Wiradjuri Reserve Amenities Block
The Wiradjuri Amenities was upgraded in 2012 under Wagga Wagga City Council’s facilities upgrade program. The upgrade saw the ageing facility receive a much needed upgrade with new fitting and fixtures, painting and a new roof. This project was completed to compliment the new boat ramp and parking areas.
Wiradjuri Reserve to Gobba Beach - Aboriginal Significance
The Wiradjuri Reserve to Gobba Beach corridor of the Murrumbidgee River is an Aboriginal camping and meeting area used from traditional to modern times. The area is significant as a former gathering, corroboree, fishing, camping, swimming and river crossing place for local Wiradjuri groups.
The area is rich in resources including plants, land, fresh water animals and water. It is also the location of a traditional Wiradjuri river crossing place where, according to traditional stories, the carer of the ‘Nurrang gungali’ or crossing place resides.
A shanty town, or fringe camp, was established on the Wiradjuri Reserve in the 1930s. The settlement, locally known as “Tintown”, consisted of numerous huts occupied by both Aboriginal and non-Aboriginal families, dependent on government rations during the Great Depression.
Though the town authorities tried to clear the Tintown camp in the 1940s, people continued to live in the settlement until the 1950s.

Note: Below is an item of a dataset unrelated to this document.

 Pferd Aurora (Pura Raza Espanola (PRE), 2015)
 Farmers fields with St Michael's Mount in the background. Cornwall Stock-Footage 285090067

Jack Argus, who was born in 1922 and grew up at Tintown, said: "There were hundreds of huts on both sides of the river, Aboriginal and white families. It used to be known as Tent Town here, then it was Tintown and then later people called it the Bend. You didn’t like to be known as coming from Tintown, so you called it the Flats, because people didn’t know where that was" (Kabaila 1998).